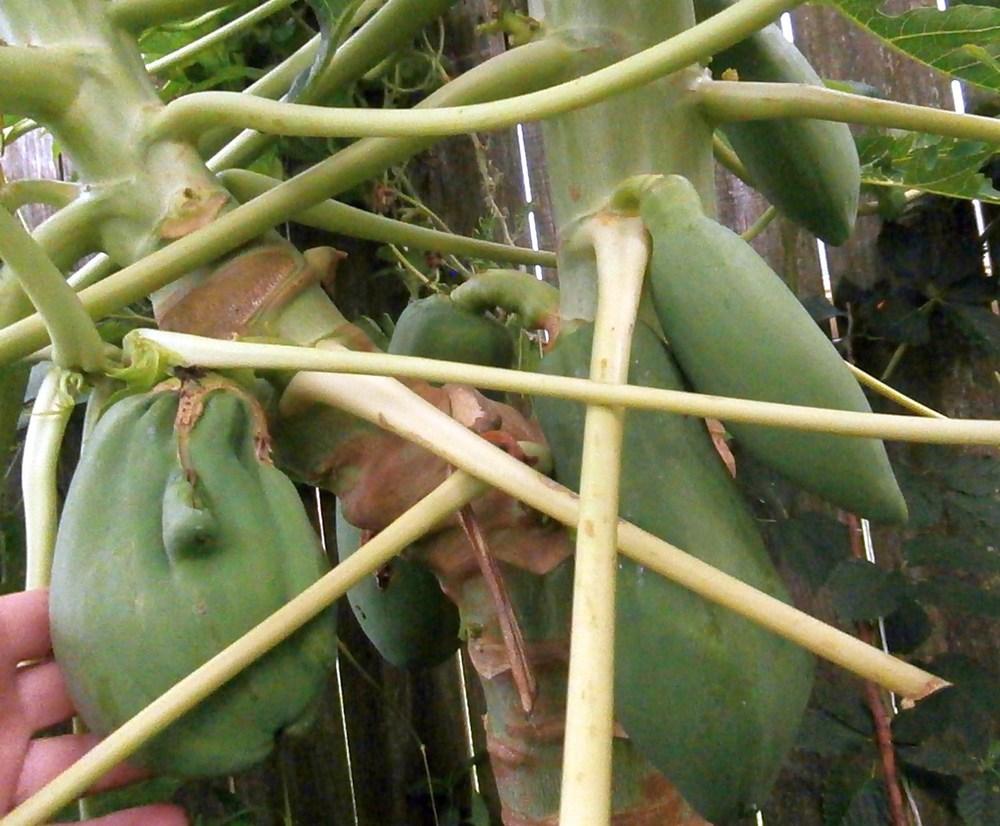 Photo of Papaya (Carica papaya) uploaded by greenman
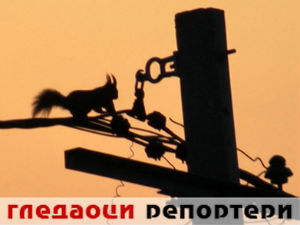 Гледаоци репортери (6. мај 2015)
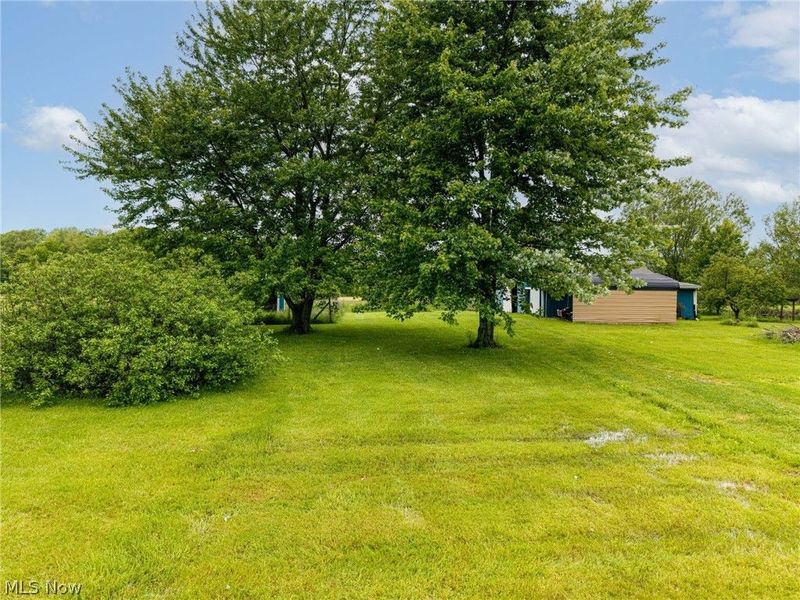 18746 Baird Road, Wellington, OH 44090 Photo 23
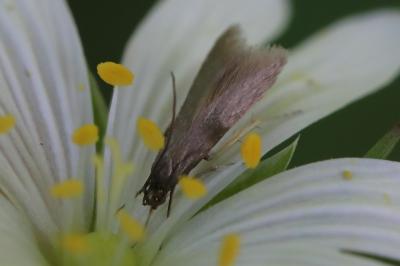 <i>Coleophora lutarea</i>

************

Exercise aim:
All the material shown above is to be copied exactly, with no pictures carried over.

Result for this task:
 Photo of Papaya (Carica papaya) uploaded by greenman
 Гледаоци репортери (6. мај 2015)
 18746 Baird Road, Wellington, OH 44090 Photo 23
 <i>Coleophora lutarea</i>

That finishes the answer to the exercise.